Sun Peaks Resort applies to develop a new subdivision

The development could see 16 single-family homes built and available for purchase two years from now.
The proposed housing development by Sun Peaks Resort is named Alder Estates and would add 16 homes to the community. Photo by Zuzy Rocka

Sun Peaks Resort (SPR) is applying to develop parcel 27 for residential housing and tourist accommodations.

SPR applied to Sun Peaks Mountain Resort Municipality (SPMTM) on June 6 to amend the zoning of 2.36 hectares of Crown land at McGillivray Lake Drive. The proposed housing development will include 16 homes and the overall process will take more than two years, according to Darcy Alexander, SPR’s vice president and general manager.

“We’re hopeful that the subdivision process will be complete by the fall,” Alexander said.

The land will be divided into lots for the proposed development named Alder Estates.

Initially, the goal for the project was to complete road development for the subdivision by the fall of 2023. However, Alexander said material shortages caused delays.

As part of the process, SPR applied to the province to purchase the land.

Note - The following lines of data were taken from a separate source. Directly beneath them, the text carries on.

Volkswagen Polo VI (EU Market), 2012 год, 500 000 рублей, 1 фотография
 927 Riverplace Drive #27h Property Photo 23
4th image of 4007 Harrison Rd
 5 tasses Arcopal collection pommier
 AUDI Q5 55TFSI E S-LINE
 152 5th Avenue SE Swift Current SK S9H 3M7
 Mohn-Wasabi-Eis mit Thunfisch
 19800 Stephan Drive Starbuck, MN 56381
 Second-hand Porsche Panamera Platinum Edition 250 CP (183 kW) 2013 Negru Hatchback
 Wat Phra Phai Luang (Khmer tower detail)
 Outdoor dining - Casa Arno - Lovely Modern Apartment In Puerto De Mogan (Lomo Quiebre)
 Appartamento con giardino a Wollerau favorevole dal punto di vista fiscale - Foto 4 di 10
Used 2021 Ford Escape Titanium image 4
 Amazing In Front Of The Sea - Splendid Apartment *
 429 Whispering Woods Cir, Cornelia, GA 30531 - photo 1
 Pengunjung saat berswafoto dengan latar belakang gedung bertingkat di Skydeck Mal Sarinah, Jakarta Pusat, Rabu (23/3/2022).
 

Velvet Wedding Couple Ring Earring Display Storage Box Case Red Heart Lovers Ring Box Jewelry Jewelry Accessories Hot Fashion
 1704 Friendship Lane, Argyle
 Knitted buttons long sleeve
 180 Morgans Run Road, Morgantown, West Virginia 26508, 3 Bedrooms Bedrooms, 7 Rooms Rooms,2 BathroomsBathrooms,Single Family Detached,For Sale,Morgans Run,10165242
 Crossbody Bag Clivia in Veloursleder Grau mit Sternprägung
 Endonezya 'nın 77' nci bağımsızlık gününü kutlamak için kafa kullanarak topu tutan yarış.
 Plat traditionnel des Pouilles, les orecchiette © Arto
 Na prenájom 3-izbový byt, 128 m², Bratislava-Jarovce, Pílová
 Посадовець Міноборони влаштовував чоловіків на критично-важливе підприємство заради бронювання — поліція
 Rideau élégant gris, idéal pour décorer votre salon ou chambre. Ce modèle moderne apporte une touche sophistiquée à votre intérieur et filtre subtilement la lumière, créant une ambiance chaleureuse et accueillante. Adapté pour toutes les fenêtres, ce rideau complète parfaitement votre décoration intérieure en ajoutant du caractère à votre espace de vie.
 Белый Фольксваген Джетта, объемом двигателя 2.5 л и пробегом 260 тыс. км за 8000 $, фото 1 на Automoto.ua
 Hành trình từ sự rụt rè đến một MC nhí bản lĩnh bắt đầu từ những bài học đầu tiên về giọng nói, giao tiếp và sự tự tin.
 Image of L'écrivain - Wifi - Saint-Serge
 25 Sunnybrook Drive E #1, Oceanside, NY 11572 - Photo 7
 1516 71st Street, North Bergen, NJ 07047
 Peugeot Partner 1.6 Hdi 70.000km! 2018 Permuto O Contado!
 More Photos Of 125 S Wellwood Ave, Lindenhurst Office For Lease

SPR is entitled to buy designated parcels of land as part of its Master Development Agreement with B.C. According to Alexander, the purchase is currently undergoing an administrative process and should be approved this summer.

According to Alexander, the land also underwent an archeological assessment in conjunction with First Nations bands as part of the development process.

“Members of the bands come up when we do the groundwork and they use maps to identify what might be potential areas [with Indigenous history],” Alexander told SPIN.

After the archeological assessment is complete, it is sent to the province and bands.

While the development will increase the housing supply in Sun Peaks, SPMRM’s analysis of the proposal presented to council indicated the wastewater system may not have adequate capacity for increased water use when combined with the housing developments at Switchback Creek on parcel 36.

To respond to concerns over wastewater capacity, SPMRM placed a no-occupancy covenant on phases three and four at Switchback Creek until municipal engineers can determine the system’s capacity.

“They’re just being cautious so that we don’t exceed capacities,” Alexander explained.

The lots will be sold individually, and estimated prices won’t be set until the lots are finished.

The project will eventually be available for public consultation through SPMRM’s council meetings this summer.